Unfortunately, evaluating complex social programs is not like testing a new drug. The interventions needed to rescue inner-city schools, strengthen families, and rebuild neighborhoods are not stable chemicals administered in standardized doses.

Social programs are sprawling efforts with multiple components requiring constant mid-course corrections, the involvement of committed human beings, and flexible adaptation to local circumstances. Paradoxically, the very nature of successful programs makes them almost impossible to evaluate as one would a new drug.

For example, when policy makers want to know what works in preventing youth violence, academic evaluators are not likely to refer them to the work of the Ten Point Coalition, an alliance of black ministers that has helped curb gang warfare in Boston. The coalition mobilized a combination of initiatives, ranging from neighborhood probation patrols to safe havens for recreation, and stopped the killings cold. But because such initiatives don’t lend themselves to "one person getting the pill, the other the placebo," many evaluators reject them as "merely anecdotal" or the work of "charismatic leaders."

Similarly, because community initiatives that combine family support, preschool and after-school programs, and radically improved classroom instruction can’t be assessed with pill-testing methods, they are rarely assessed at all. While the gurus insist on taking only the most orthodox methods, we miss learning from bold and effective initiatives to restore neighborhood life, educate children, and strengthen families.

Insistence on irrefutable scientific proof of causal connections has become an obstacle to finding what works, frustrating the nation’s hunger for evidence that social programs are on the right path. Ironically, the methods considered most "scientific" can actually defeat thoughtful assessments of promising interventions.
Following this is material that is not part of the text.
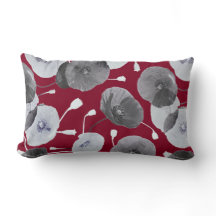 Modern Elegant Gray Poppy Flowers Burgundy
Why is this so? It is because scientific experiments are best equipped to study isolated interventions, while the most promising social programs don’t consist of discrete, circumscribed pieces. The current fascination with reducing class size derives not only from its intuitive appeal but from the fact that class size is one of the few elements of education reform lending itself to controlled experiments. The method by which it has been studied elevates it to the top of the reform agenda. Many new approaches are now becoming available for evaluating whether complex programs work. What they lack in certainty they make up for in richness of understanding that builds over time and across initiatives. Quarrels over which method represents "the gold standard" make no more sense than arguing about whether hammers are superior to saws. The choice depends on whether you want to drive in a nail or cut a board. FDA methods should be used to assess one-change-at-a-time interventions, not to evaluate complex, evolving, interactive, community-driven initiatives.

We should stop treating methodological issues as religious quarrels and put our energies into developing and applying new ways of learning from what works so the public can keep score on whether social programs are on track to achieving their goals. This is the road to more effective social policies and programs and to wiser investment of our dollars, our energies, and our hopes.